Stored data
+ + + +

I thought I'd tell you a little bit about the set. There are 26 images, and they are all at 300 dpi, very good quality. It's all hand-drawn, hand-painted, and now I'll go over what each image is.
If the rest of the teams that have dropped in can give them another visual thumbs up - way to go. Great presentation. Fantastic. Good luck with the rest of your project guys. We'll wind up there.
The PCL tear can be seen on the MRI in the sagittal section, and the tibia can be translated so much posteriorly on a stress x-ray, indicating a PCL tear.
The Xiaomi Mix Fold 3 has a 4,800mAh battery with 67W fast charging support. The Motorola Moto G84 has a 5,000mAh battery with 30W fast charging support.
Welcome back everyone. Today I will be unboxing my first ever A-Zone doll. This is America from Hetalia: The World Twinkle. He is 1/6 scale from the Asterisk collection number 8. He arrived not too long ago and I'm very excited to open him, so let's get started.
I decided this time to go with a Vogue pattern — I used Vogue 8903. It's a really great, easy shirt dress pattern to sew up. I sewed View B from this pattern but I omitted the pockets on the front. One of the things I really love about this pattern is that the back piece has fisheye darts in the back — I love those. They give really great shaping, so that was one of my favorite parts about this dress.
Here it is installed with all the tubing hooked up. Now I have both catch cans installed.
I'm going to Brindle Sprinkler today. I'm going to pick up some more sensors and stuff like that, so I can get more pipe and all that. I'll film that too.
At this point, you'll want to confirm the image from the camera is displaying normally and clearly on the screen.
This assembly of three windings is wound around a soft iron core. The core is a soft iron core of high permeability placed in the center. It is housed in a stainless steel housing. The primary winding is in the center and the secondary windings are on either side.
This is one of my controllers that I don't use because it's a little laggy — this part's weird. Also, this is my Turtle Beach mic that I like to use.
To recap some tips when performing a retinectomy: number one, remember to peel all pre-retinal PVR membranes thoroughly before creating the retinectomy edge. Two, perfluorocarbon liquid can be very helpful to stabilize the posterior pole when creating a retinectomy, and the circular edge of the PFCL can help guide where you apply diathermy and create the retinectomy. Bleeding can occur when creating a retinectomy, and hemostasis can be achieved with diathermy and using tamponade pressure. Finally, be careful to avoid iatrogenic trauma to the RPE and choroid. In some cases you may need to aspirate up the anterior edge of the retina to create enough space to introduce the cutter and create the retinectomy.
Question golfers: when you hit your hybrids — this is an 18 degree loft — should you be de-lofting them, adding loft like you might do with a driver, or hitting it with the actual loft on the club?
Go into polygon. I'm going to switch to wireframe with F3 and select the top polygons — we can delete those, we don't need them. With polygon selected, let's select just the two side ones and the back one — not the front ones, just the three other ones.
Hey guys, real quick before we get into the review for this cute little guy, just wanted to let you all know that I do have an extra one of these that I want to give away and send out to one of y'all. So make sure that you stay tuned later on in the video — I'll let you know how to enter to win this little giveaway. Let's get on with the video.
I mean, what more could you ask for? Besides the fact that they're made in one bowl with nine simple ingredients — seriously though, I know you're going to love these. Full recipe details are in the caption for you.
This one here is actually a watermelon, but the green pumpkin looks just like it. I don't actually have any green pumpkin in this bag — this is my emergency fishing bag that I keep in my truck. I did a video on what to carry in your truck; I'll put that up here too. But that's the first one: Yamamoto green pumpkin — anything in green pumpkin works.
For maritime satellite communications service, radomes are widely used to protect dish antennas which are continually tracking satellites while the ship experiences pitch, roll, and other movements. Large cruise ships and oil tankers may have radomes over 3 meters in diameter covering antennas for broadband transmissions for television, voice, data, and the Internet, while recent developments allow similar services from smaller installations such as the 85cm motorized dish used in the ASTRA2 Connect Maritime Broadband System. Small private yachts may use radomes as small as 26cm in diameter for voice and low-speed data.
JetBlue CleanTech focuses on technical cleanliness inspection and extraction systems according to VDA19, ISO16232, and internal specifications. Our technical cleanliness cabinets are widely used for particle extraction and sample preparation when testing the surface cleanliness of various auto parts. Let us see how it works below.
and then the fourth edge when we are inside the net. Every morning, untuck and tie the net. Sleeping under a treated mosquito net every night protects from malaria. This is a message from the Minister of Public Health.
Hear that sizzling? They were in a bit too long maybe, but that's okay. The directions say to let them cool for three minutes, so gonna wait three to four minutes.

+ + + +

TASK STATEMENT: Using the records above, copy word for word the line with "JetBlue CleanTech focuses", the line with "and then the", and every line between them.

TASK ANSWER:
JetBlue CleanTech focuses on technical cleanliness inspection and extraction systems according to VDA19, ISO16232, and internal specifications. Our technical cleanliness cabinets are widely used for particle extraction and sample preparation when testing the surface cleanliness of various auto parts. Let us see how it works below.
and then the fourth edge when we are inside the net. Every morning, untuck and tie the net. Sleeping under a treated mosquito net every night protects from malaria. This is a message from the Minister of Public Health.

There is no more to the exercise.